Frank Cady...the name may not be familiar for millions of people but the face certainly was...and to an even larger degree a character he portrayed on not one, not two, but three sitcoms during the same production period which had never been done before. Cady, who died on June 8th at the age of 96, was known to millions as Sam Drucker primarily on Petticoat Junction and Green Acres but during a brief period in the late '60s he portrayed the character periodically on The Beverly Hillbillies, too, whenever the Clampettes either visited Hooterville or were talking to a citizen of Hooterville by way of telephone...enabling the actor to appear on three sitcoms portraying the same character. Hooterville is the town in which Petticoat Junction and Green Acres was set. The news of Cady's death broke late yesterday.

I believe his feat of playing the same character regularly on two concurrent sitcoms is still a record not matched by anyone else but don't quote me on that! Frank Cady appeared on a lot of movies and television shows but, as you perhaps are well aware, popular characters tend to typecast an actor or actress. It's almost unavoidable.
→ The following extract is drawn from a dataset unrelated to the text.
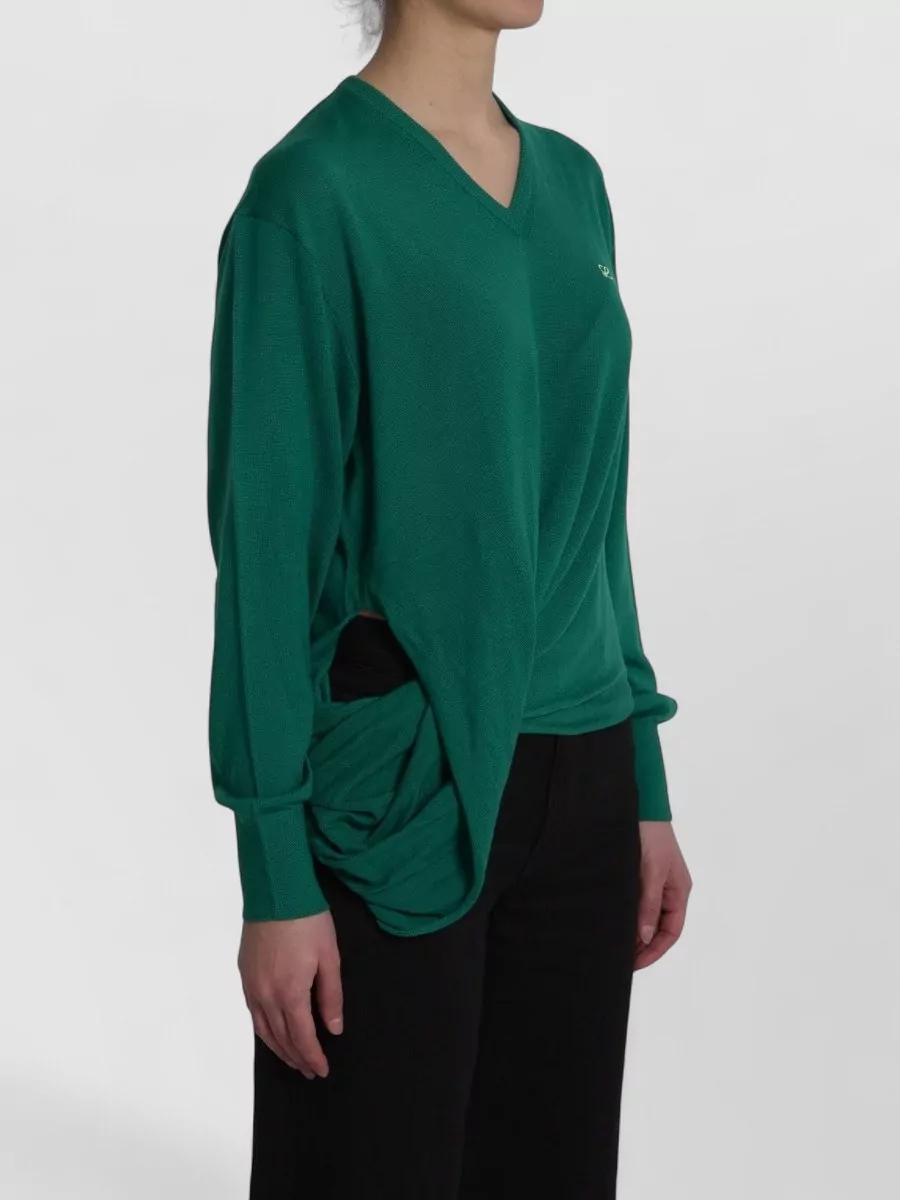 Loewe Wool Ribbed V-Neck Asymmetric Wrap Sweater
The lifespan of the television sitcoms he appeared in as Sam Drucker are as follows:

The Beverly Hillbillies: 1962-1971 (late '60s episodes/periodically)

Petticoat Junction: 1963-1970

Green Acres: 1965-1971

It should be pointed out that Cady's portrayal of Drucker differed just slightly from whichever series he appeared in. In Petticoat Junction the character was off-beat, fitting in with other characters that populated Hooterville but he often displayed flashes of normalcy...more so than his contemporaries like Joe, Charlie, or Floyd. In this show, Drucker happily presided over a General Store that sold some of the most strangest items and in some episodes he took delight in tricking out of town customers (city folks passing by) into paying large sums of money for items that the locals treated as trash. Also, the fact that once upon a time rural general stores doubled as post offices was played up to great effect...with Drucker acting as Hooterville post master...often finding mail years and decades after it was either suppose to be sent or years after it had arrived but hadn't been delivered to it's recipient. Most people familiar with the General Store through the years are also aware of the plastic pickles that were kept in the barrel (another money-making gimmick). 
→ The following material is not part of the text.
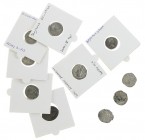 Roman coinage - A small collection of Roman coins: 9 Denarii (Sept. Severus, Sev. Alexander, Faustina Minor, Hadrianus etc.) and 1 Antoninianus (Carin...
In Green Acres Drucker was still off-beat and those flashes of normalcy were expanded further to where he became the only logical resident of Hooterville in the eyes of Eddie Albert's character, Oliver Douglas. Many times Oliver would be driven nearly mad by the backwoods view points of Hooterville's residents and would humorously lose his train of thought anytime he'd attempt to dissect any point of view that appeared strange and illogical to him. Many times Drucker would be the go-between for Oliver and the voice of calm rationale anytime Oliver lost his temper (which was almost all the time). Some of the funniest word play involved Drucker, Oliver, and town conman/salesman, Mr. Haney, who, by the way, sold Oliver the farm and the dilapidated house that was only slightly repaired through the program's 6 year history by the inept carpenters, Ralph and Alf Monroe.
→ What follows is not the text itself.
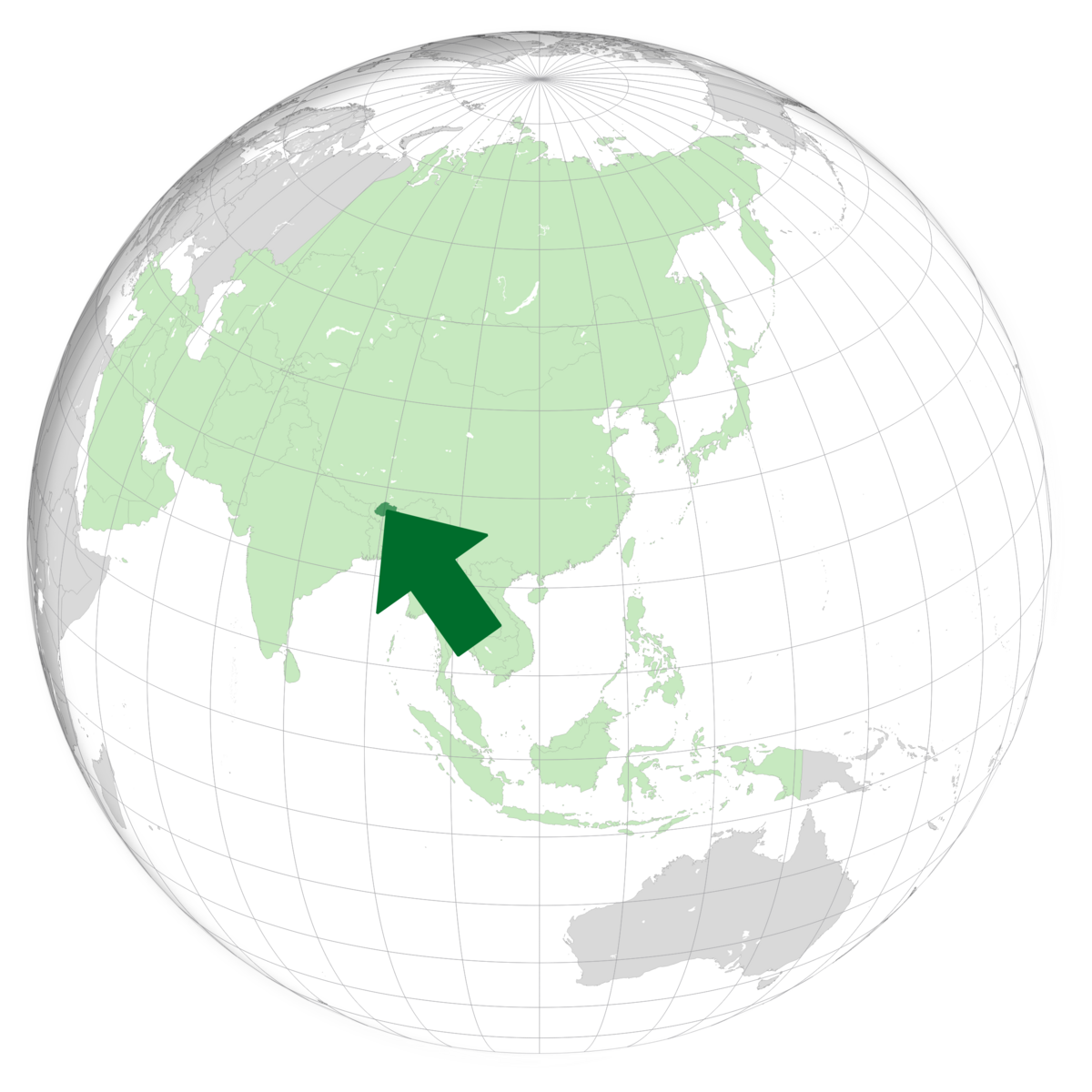plassering av Bhutan på jordkloden. Kart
A typical exchange between Drucker, Oliver, and Haney at the General Store would include quick editing from one character to the next where Haney, usually, interrupted Oliver in mid-sentence and then Drucker would pick up the dialogue and then the camera would shift quickly to Oliver, trying to finish his original sentence only for Drucker to say something like "oh, come on, Haney, let Oliver speak..." to which Oliver would say a thank you and start to re-ask his original question, only for Drucker to interrupt this time and start off in a different conversation with Haney about something that had nothing to do with Oliver at all. The interruption routine was also performed by Oliver/Kimball/Drucker and Oliver/Lisa/Eb. It was one of the show's trademarks.

In the late '60s Cady would periodically appear as Sam Drucker on The Beverly Hillbillies. There were usually 1 or 2 episodes that would combine the characters of all three programs for annual Christmas or Thanksgiving episodes...with Drucker often being on the receiving end of Granny's affections. Since I was way more familiar with Frank Cady from his appearances as Sam Drucker that's why the emphasis in this blog entry's been on his work as that character. He did other programs, as mentioned earlier, and his work can be looked up on-line rather easily but I decided to write about Cady in the role that was clearly his most beloved with viewers, Sam Drucker.